Both linear and logistic regression provide an estimate for the conditional expectation:

\[ \mbox{E}(Y \mid X=x) \] which in the case of of binary data is equivalent to the conditional probability

\[ \mbox{Pr}(Y = 1 \mid X = x) \]

Once we move on to more complex example we will see that linear regression is limited and not flexible enough to be useful. The techniques we learn are essentially approaches to estimating the conditional probability in a way that is more flexible.

6 Case study: Is it a 2 or a 7?

In the two simple examples above we only had one predictor. We actually do not consider these machine learning challenges, which are characterized by challenges with many predictors. Let’s go back to the digits example in which we had 784 predictors. However, for illustrative purposes we will start with an example with 2 predictors and two outcomes.

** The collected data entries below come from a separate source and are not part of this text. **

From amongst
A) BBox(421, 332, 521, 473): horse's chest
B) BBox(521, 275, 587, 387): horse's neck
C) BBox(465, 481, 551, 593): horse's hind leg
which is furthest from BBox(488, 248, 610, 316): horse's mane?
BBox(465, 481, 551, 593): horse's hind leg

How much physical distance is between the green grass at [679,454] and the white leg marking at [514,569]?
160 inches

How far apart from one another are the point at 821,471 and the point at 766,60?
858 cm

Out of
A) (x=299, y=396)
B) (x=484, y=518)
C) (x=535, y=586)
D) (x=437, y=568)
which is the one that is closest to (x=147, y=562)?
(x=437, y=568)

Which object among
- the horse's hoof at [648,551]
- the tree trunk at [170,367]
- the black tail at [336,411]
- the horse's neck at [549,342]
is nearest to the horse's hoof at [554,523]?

We want to build an algorithm that can determine if a digit is a 2 or 7 from the predictors. We are not quite ready to build algorithms with 784 predictors so we will extract two simple predictors from the 784: the proportion of dark pixels that are in the upper left quadrant (\(X_1\)) and the lower right quadrant (\(X_2\)).

We then selected a random sample of 1,000 digits, 500 in the a train set and 500 in the test set and provide them here:

data("mnist_27")

We can explore this data by plotting the two predictors and use colors to denote the labels:

mnist_27$train %>% ggplot(aes(x_1, x_2, color = y)) +
  geom_point()

We can immediately see some patterns. For example, if \(X_1\) (the upper left panel) is large, then the digit is probably a 7. Also, for smaller values of \(X_2\) the 2s appear to be the mid range values.

These are the images of the digits with the largest and smallest values for \(X_1\):

And here the original images corresponding to the largest and smallest value of \(x_2\):

We can start getting a sense for why these predictors are useful but also why the problem will be somewhat challenging.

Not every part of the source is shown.